Anonymous wrote:There's a little girl that's friendly with my daughter at school. They're both in Kindergarten, and aftercare together. She's a sweet kid, and we've had her over to play several times. They went to the same preschool. The kids play well together, and the mom usually hangs out, I like her, too.
We've never been to their house, which is fine, but every time I see this kid at aftercare, she talks about how she really wants my daughter to come to her house, and how she has a big dollhouse, even bigger than my daughter's, and she wants to show her. And every time I say, "we'd love to, Larla! Just have your mom text me!" - we've had this exchange probably 5-6 times this school year, with no invite from mom.

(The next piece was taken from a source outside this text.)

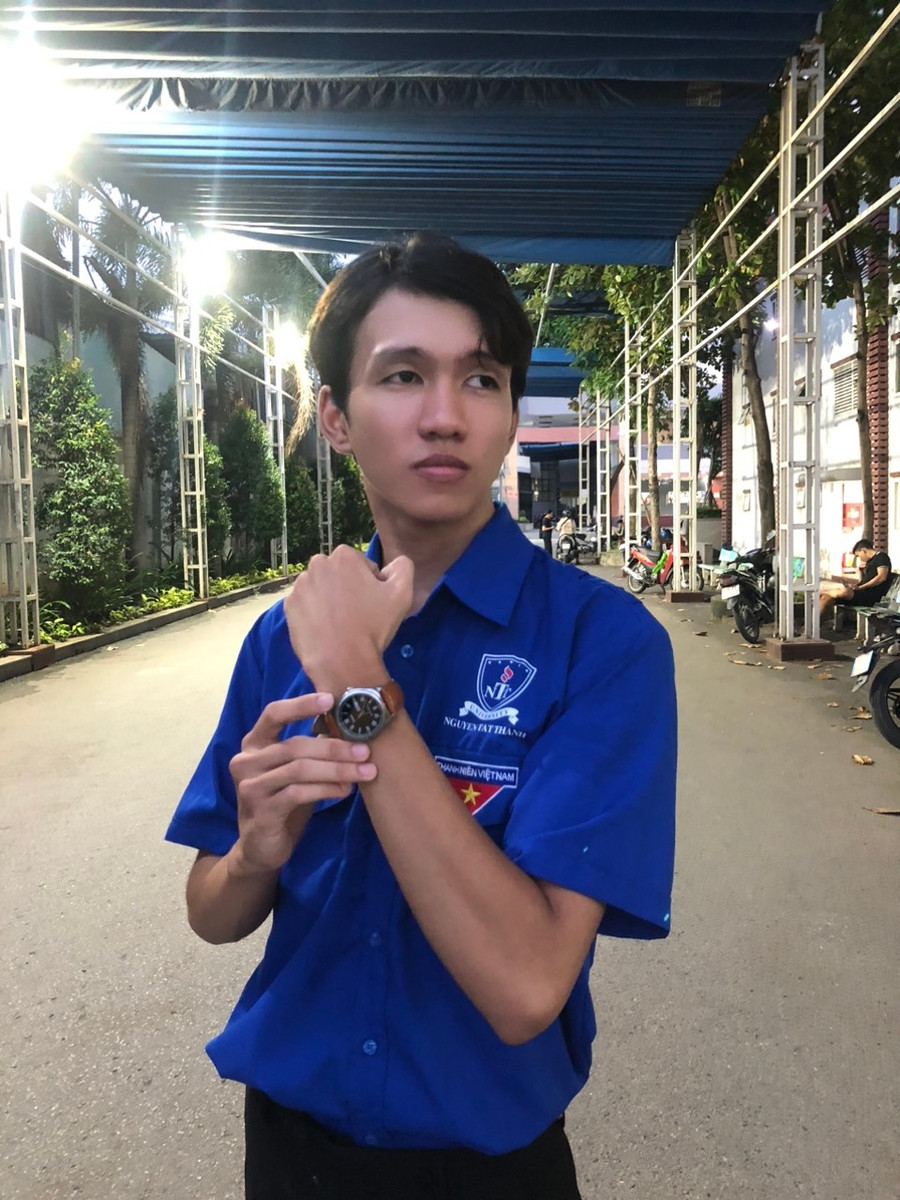 Sinh viên Phạm Đức Khiêm – Khoa Tài chính Kế toán Trường ĐH Nguyễn Tất Thành.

Again, fine, lots of parents don't host for a variety of reasons, I have no complaints about that.
Well, the last time I saw her, and we did our back and forth, and she said "last weekend mom said you guys were too busy to come and play."
Now, maybe the kid made that up. But it seems more likely that mom is fibbing to get Larla off her back. On one hand, I get that. Especially if the reasons they don't want us over are complex or grownup-y reasons, the temptation to fib to get your kid to drop it is understandable. But it really, really bothered me. This is a sweet kid, and I don't want her to think we're too busy for her! I don't get the feeling she has a lot of friends at school. Maybe I'm over reacting - my parenting style (um, and also kinda life style?) is to give the whole truth, so that probably contributes to my feeling about this.
I was thinking of inviting them over again soon - would you say something to the mom? What would you say? I don't want to overstep, but I really dislike that she's making us out to be the bad guys to her kid.
I would tell the kid that we weren’t busy, and I don’t know why her mom told her that.